Konsultan Pajak Batam-Saat ini banyak masyarakat yang ingin menggunakan jasa layanan ini untuk menyelesaikan pengajuan PPN, pelaporan pajak online, atau layanan pelaporan pajak tahunan di Jakarta, Bali dan Surabaya serta untuk di daerah lain yang terkait dengan pajak.
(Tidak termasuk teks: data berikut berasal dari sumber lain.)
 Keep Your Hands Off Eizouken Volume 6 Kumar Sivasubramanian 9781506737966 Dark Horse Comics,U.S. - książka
Nah, kali ini Konsultan Pajak Batam akan berikan Anda informasi tentang “Ingat, Penyelenggara P2P Lending Harus Buat Bupot Pajak Penghasilan”
Penyelenggara layanan pinjam meminjam uang berbasis teknologi informasi atau peer to peer (P2P) lending wajib untuk membuat bukti pemotongan (bupot) pajak penghasilan.
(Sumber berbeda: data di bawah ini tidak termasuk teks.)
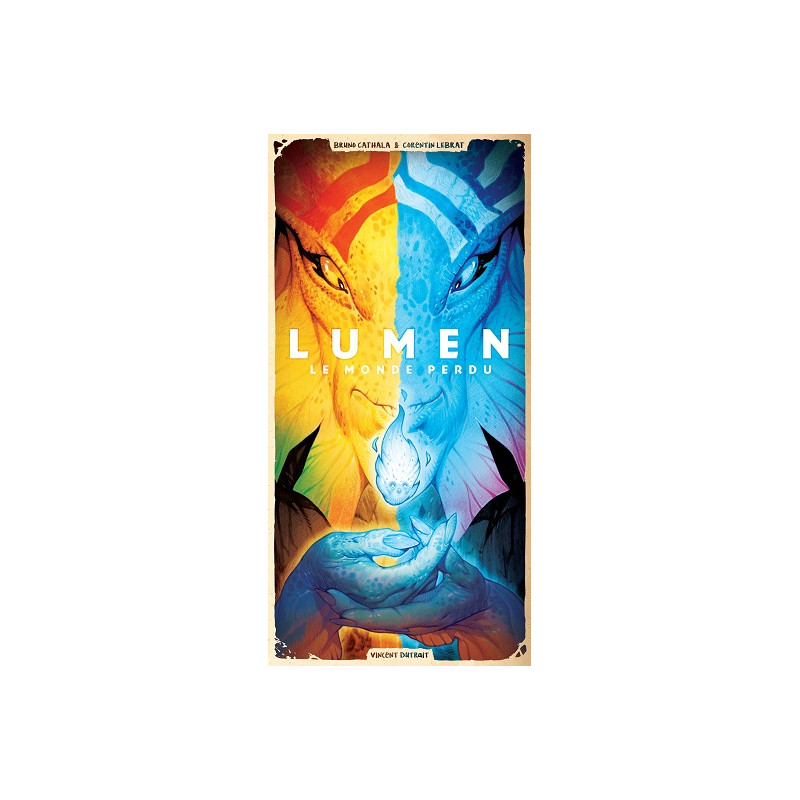 Lumen le monde perdu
Sesuai ketentuan Pasal 3 ayat (4) PMK 69/2022, penyelenggara P2P lending ditunjuk untuk melakukan pemotongan PPh atas penghasilan bunga yang diterima ataupun diperoleh pemberi pinjaman dari penerima pinjaman.
Berdasarkan pada Pasal 4 ayat (1) huruf a PMK 69/2022, Penyelenggara layanan pinjam meminjam … perlu membuat bukti pemotongan pajak penghasilan dan juga memberikan bukti pemotongan yang dimaksud kepada pemberi pinjaman.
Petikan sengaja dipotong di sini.